■ **Problem statement**: Starting with the line with "Moving on to" in the entries below and going on through the line with "Girls, ditch your", output every line exactly and nothing more. No pictures.

BEGIN Data to use

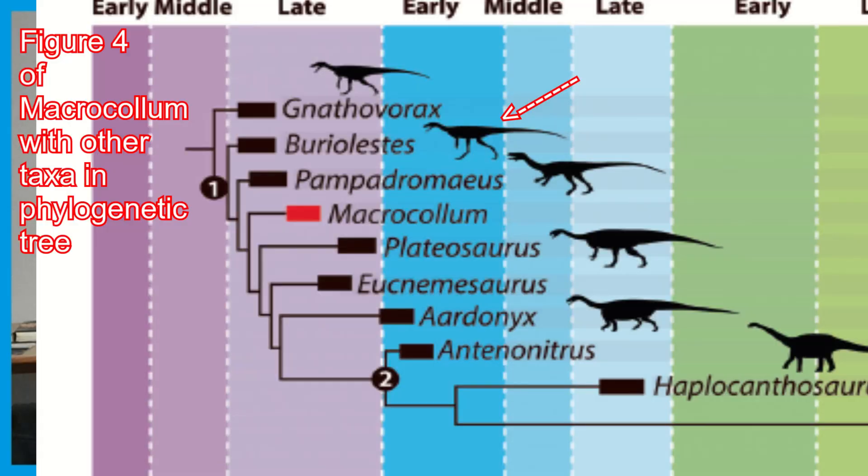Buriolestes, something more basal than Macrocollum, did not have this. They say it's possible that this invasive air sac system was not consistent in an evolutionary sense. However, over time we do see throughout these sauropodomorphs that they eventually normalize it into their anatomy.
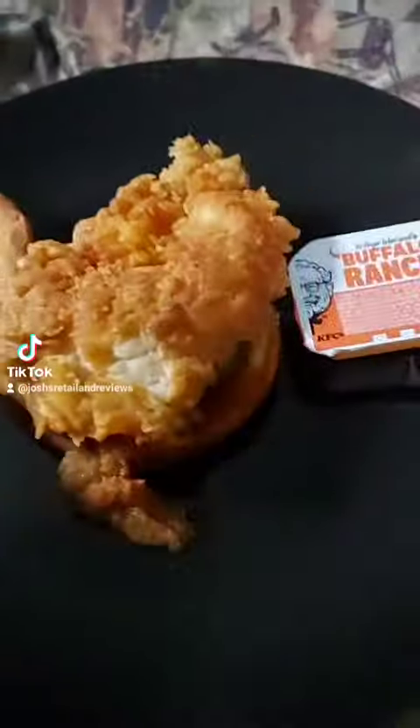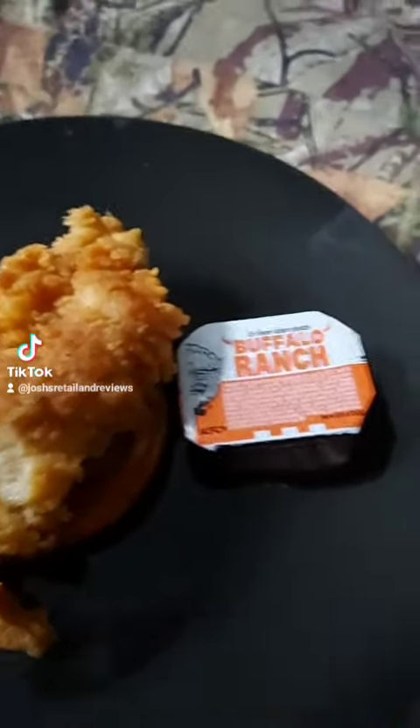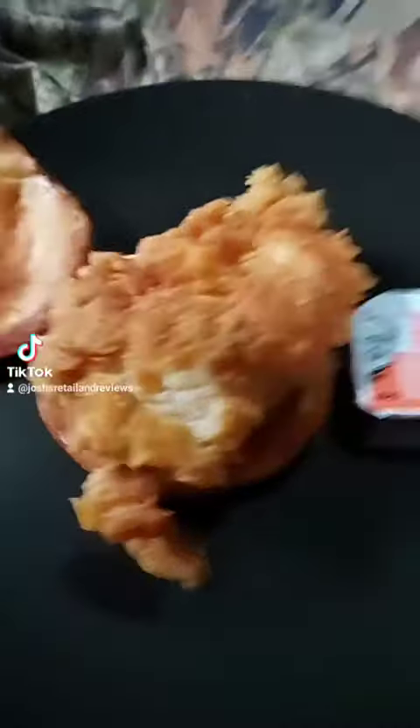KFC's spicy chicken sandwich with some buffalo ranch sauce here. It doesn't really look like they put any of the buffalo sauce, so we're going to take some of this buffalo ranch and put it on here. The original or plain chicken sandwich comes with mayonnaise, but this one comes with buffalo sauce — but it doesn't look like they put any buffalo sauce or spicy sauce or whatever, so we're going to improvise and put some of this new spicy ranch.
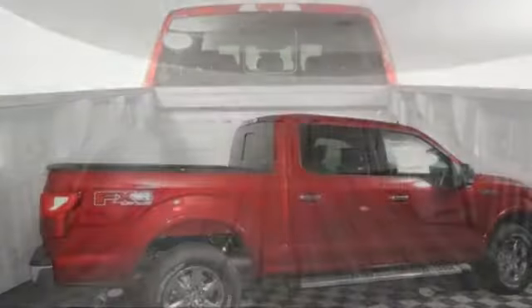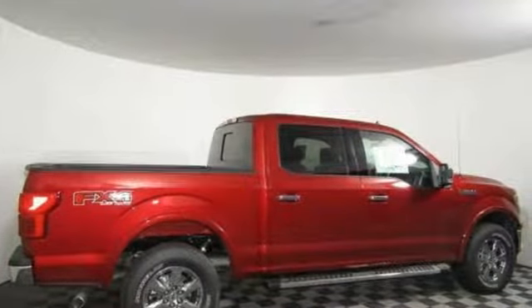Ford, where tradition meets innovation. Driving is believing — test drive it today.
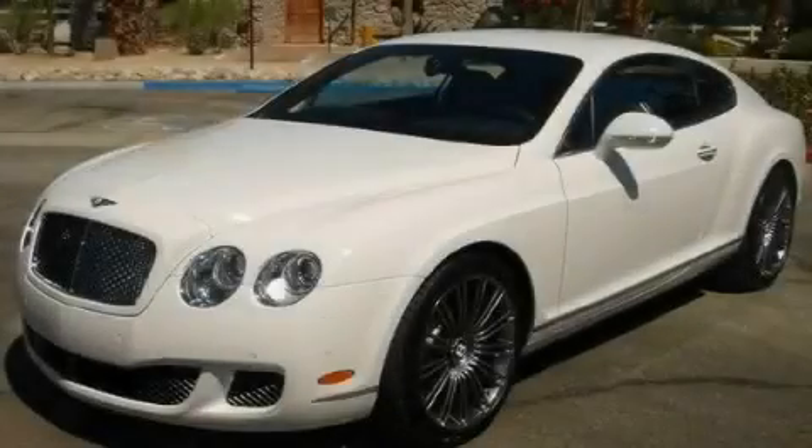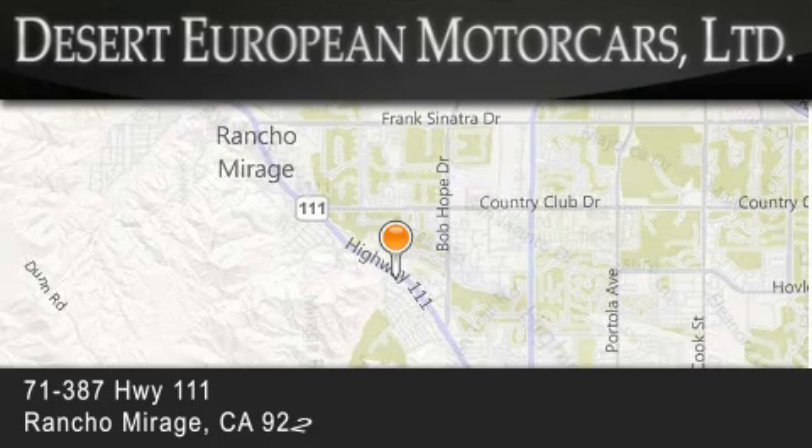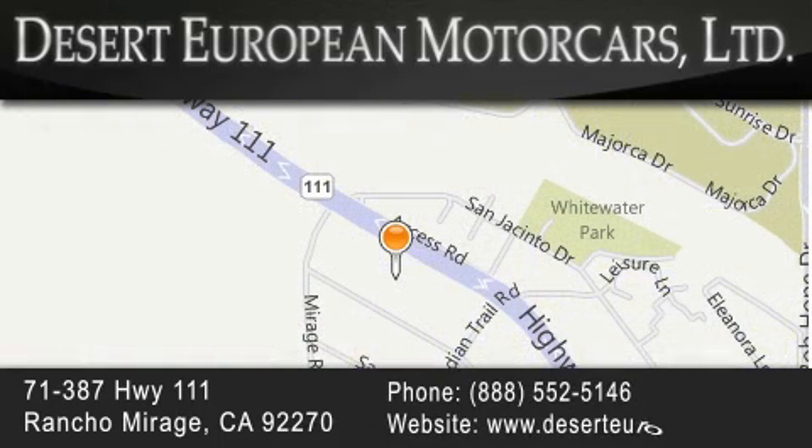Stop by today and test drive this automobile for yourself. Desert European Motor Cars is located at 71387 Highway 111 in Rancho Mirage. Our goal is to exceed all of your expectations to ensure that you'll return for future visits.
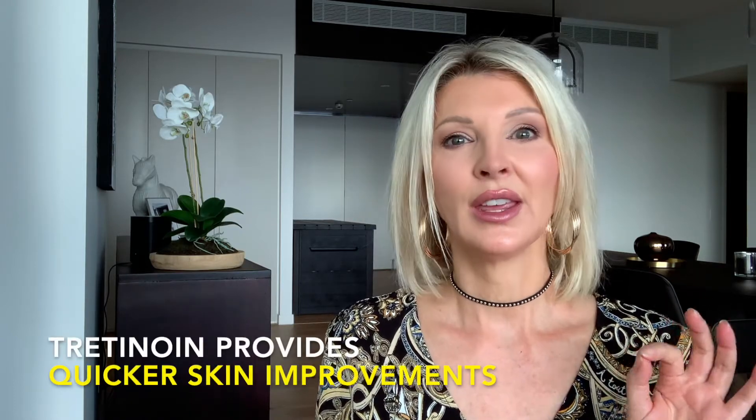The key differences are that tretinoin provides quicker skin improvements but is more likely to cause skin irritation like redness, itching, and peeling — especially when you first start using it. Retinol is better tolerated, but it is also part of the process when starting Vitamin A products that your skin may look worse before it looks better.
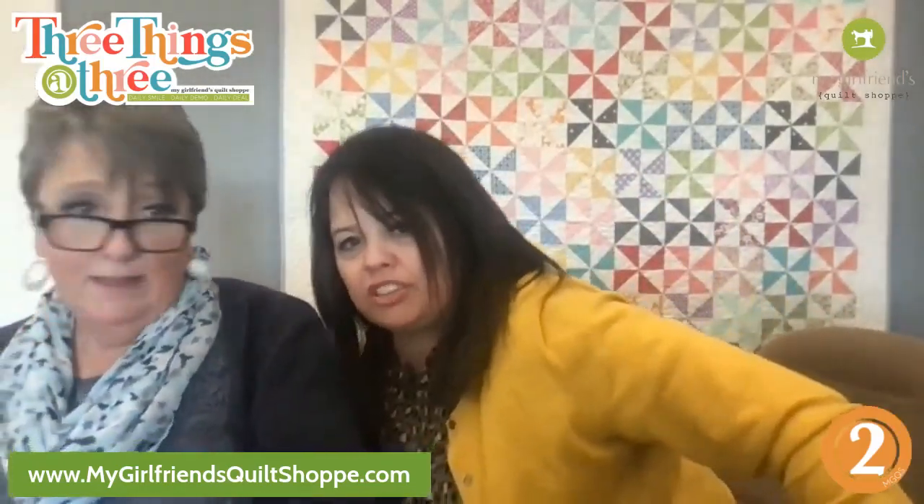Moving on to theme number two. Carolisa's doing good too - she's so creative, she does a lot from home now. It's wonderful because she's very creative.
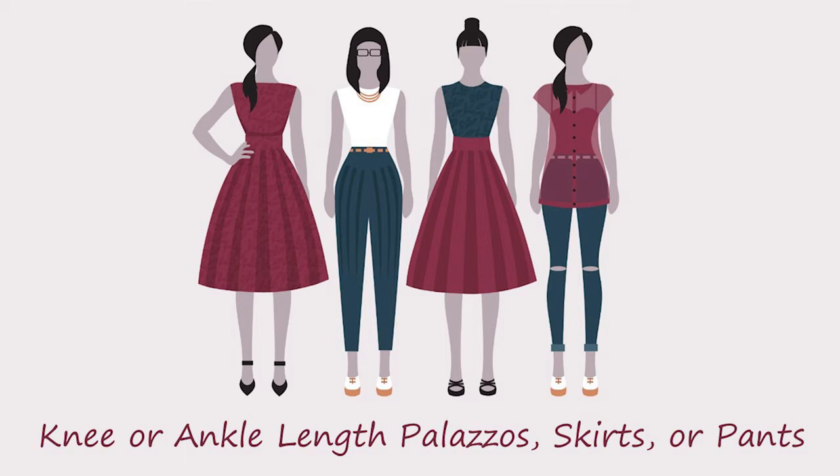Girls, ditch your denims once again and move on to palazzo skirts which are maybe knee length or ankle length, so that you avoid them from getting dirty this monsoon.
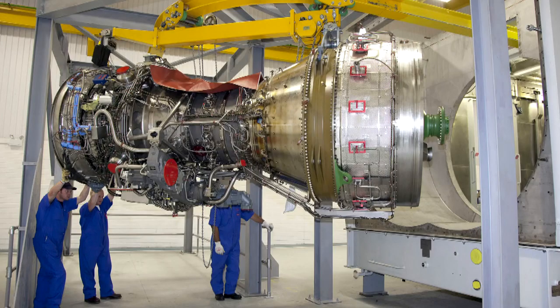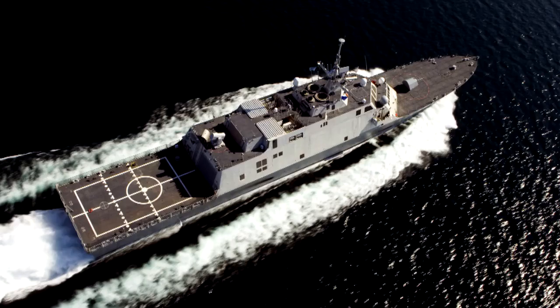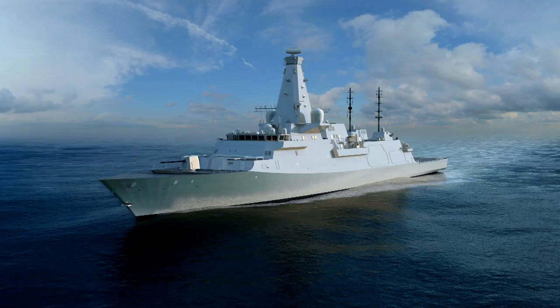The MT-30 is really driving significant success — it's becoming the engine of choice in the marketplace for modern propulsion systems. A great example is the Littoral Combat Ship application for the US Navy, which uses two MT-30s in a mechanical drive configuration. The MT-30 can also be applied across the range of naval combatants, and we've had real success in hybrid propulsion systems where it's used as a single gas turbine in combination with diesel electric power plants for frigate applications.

END Data to use

■ **Task solution**:
Moving on to theme number two. Carolisa's doing good too - she's so creative, she does a lot from home now. It's wonderful because she's very creative.
Girls, ditch your denims once again and move on to palazzo skirts which are maybe knee length or ankle length, so that you avoid them from getting dirty this monsoon.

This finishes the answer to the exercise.